9.5 Excel, SPSS, and other data files

A common question I hear is “How can I import an SPSS/Excel/… file into R?”. The first answer to this question I always give is “You shouldn’t”. Shitty Piece of Shitty Shit files can contain information like variable descriptions that R doesn’t know what to do with, and Excel files often contain something, like missing rows or cells with text instead of numbers, that can completely confuse R.

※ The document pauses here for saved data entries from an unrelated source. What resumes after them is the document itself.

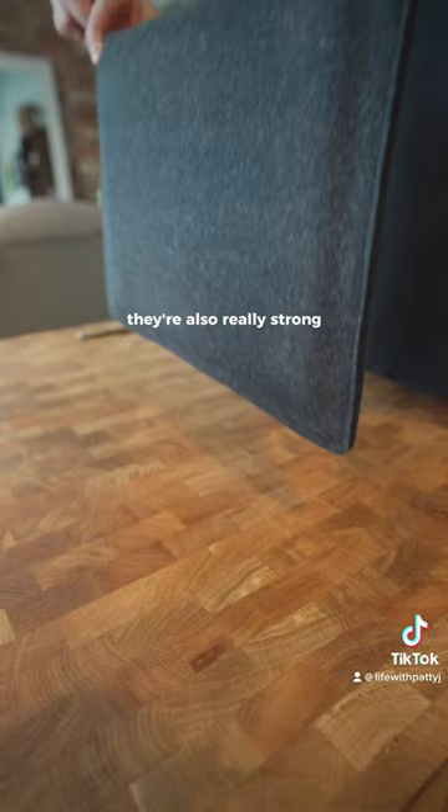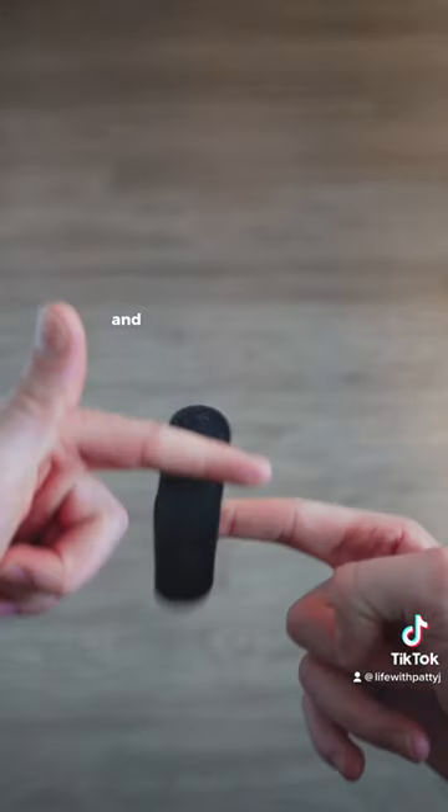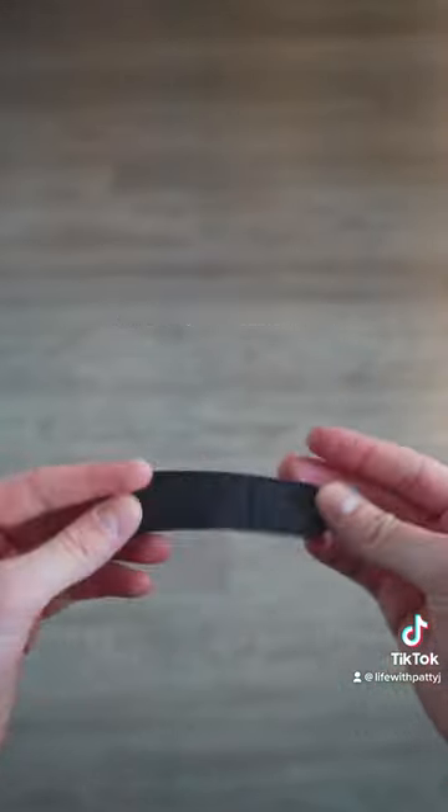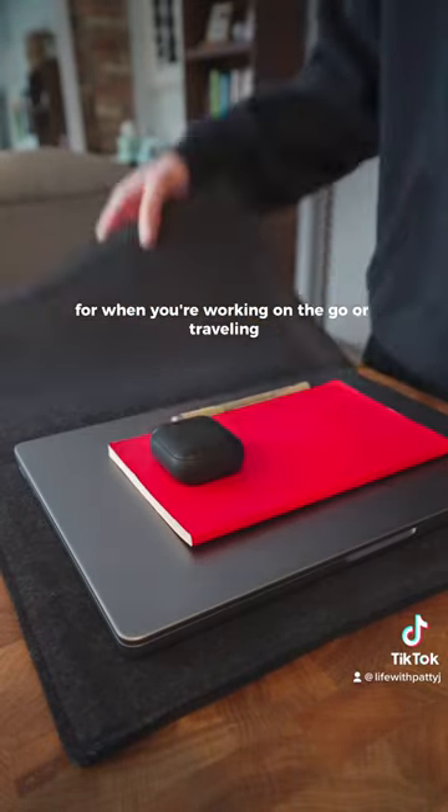They're also really strong and safely hold whatever you decide to put in it. It also comes with a small wool divider and a magnetic cable holder. Not only does it protect your laptop, but it also serves as a desk mat for when you're working on the go or traveling.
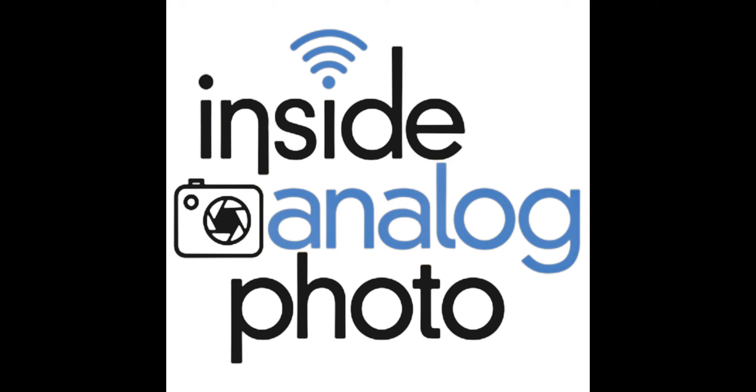Today on Inside Analog Photo — Jose Villa. Jose is going to join us to talk about what he's got going on: shooting more Holga, a lot of Fuji Instax, Polaroid SX-70 — pretty cool stuff. We're going to chat about his workshops and all the beautiful photography he's up to.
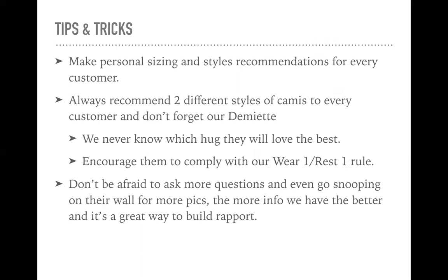We also want to encourage them to comply with the wear-one-rest-one rule, where they give their camis a day of rest in between wears. So if they are truly ready to ditch their bra, they need to start with at least two camis — that way they can alternate back and forth, wash their camis on the weekend, and never have to wear a bra again. Don't be afraid to ask more questions and even go snooping on their wall to see pictures. The more info we have, the better — it's a great way to build a rapport and get to know our customers. We want to create customers for a very long time, not just one and done. Don't hesitate to go back and say, 'Hey, are you sure this measurement is right? Can you remeasure? Do you mind sending me a picture? I just want to make sure I have a perfect idea of your body type so I can get you matched up properly.' They'll appreciate it, and you're creating a happier customer in the long run.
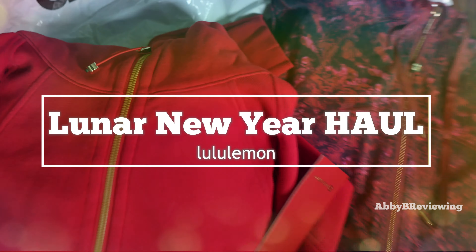Before I get started, make sure to hit that subscribe button if you're not already subscribed, so you can stay tuned to all my new videos dropping weekly and help the channel grow.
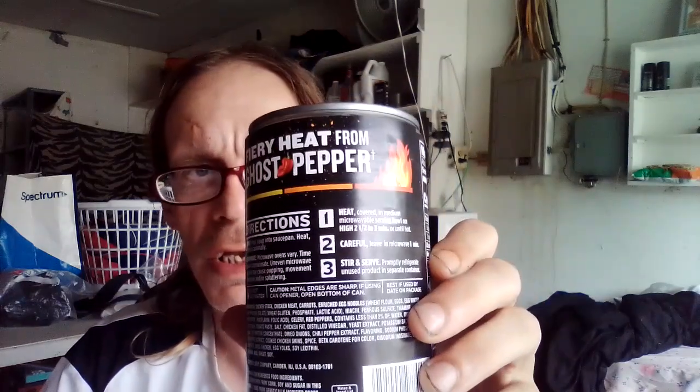So that's every heat from a ghost pepper, and I figured that I'd go ahead and try it for you. You guys are like me doing spicy food challenges, so here goes.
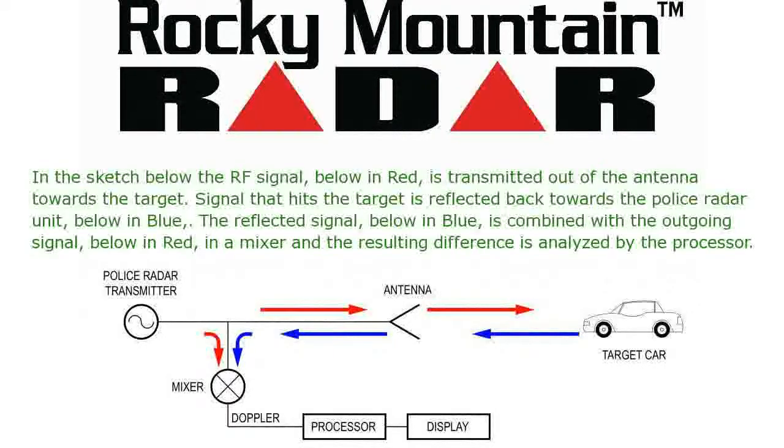The RF signal, shown in red, is transmitted out of the antenna towards the target. The signal that hits the target is reflected back towards the police radar unit, shown in blue. The reflected signal, in blue, is combined with the outgoing signal, in red, in the mixer and the resulting difference is analyzed by the processor.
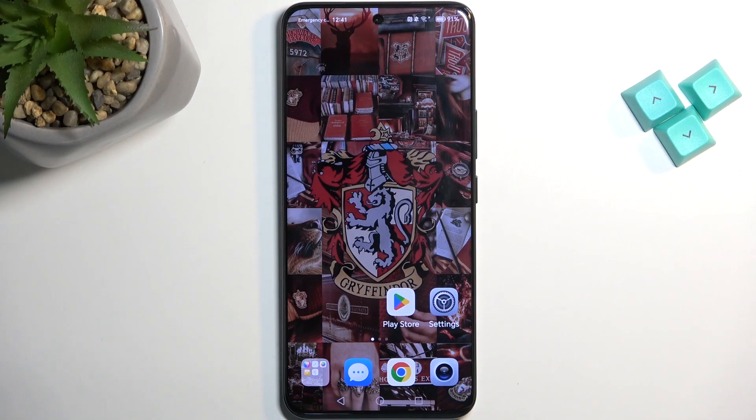Welcome. This is a Honor 90 and today I will show you how we can put this device into safe mode.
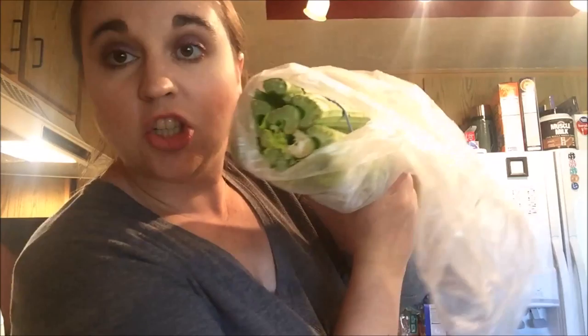So yesterday I took out about a pound of boneless stew meat from the chest freezer in our garage and I set it on the counter to let it thaw out. So actually, it's all bloody.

Rather than trying to import SPSS or Excel files directly in R, I always recommend first exporting/saving the original SPSS or Excel files as text .txt. files – both SPSS and Excel have options to do this. Then, once you have exported the data to a .txt file, you can read it into R using read.table().

Warning: If you try to export an Excel file to a text file, it is a good idea to clean the file as much as you can first by, for example, deleting unnecessary columns, making sure that all numeric columns have numeric data, making sure the column names are simple (ie., single words without spaces or special characters). If there is anything ‘unclean’ in the file, then R may still have problems reading it, even after you export it to a text file.

If you absolutely have to read a non-text file into R, check out the package called foreign (install.packages("foreign")). This package has functions for importing Stata, SAS and SPSS files directly into R. To read Excel files, try the package xlsx (install.packages("xlsx")). But again, in my experience it’s always better to convert such files to simple text files first, and then read them into R with read.table().